It seems to me that the more attention Bush attempts to call for swift and decisive action against Iran, the greater the disincentive for the Dems to actually do anything about it.
The (front)lines are being drawn closer and closer to home, and taking Israel's fruitless disengagement from Gaza and Lebanon as a bellwether, that is surely not a good sign. Not at all.
> How seriously do you think anyone is going to take this? How seriously is Iran going to take any warning on the subject? Personally, I think this will get less attention than either OJ Simpson or Kevin Federline, which really isn't a good thing but understandable under the circumstances.
Is this because of the "president who cried wolf?" Because Bush said the only way for our nation to survive was to invade Iraq to remove their weapons of mass destruction, and then once we invaded Iraq there were no WMD?
"It just took decades to see them manifest...."

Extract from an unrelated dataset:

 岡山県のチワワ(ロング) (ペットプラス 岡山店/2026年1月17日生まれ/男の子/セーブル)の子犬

That phrase says to me that you were not alive very long before 1994.
No false pride in this family. We just blurt out a theory and learn from the corrections from our better informed peers.
Bigger encounters against the Sunni?. More successful encounters, true. Pulled punches, all the same.

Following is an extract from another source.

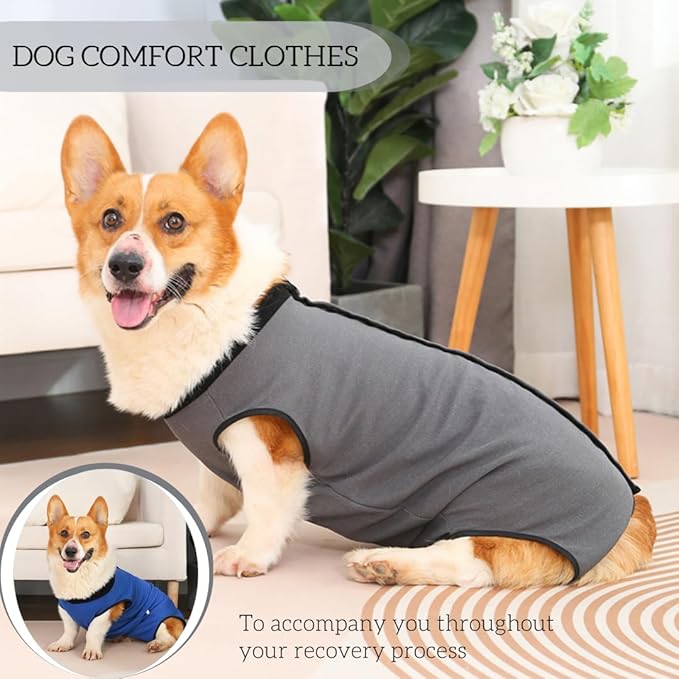 Dog Surgery Recovery Suit,Abdominal Surgical Suit for Dogs,Recovery Suit for Dogs,Prevent Licking Surgical Wound Dog Cone Alternative Grey XL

Amassing the Nato gang against Moqtada*s Blackshirts in Sadr City is what is called for and Nouri al Maliki was allowed to call that one off. More window dressing. More pulled punches.
Oh, and I forgot to mention. The Sunni minority is no longer the enemy.
We need their help, [along with the Sunni in the countries surrounding Iraq], to tackle the real enemy, the Persian Shiia, [Iran] and they are the Blackshirts of Moqtada al Sadr.
The Blackshirts are to Iraq, exactly as the Hizbollah are to Lebanon. [Iran proxy]
The Sunni and Shiia are at each other*s throats so for us to attack the minority Sunni is beyond stupid as we are working for Ahmadinejad and Iran.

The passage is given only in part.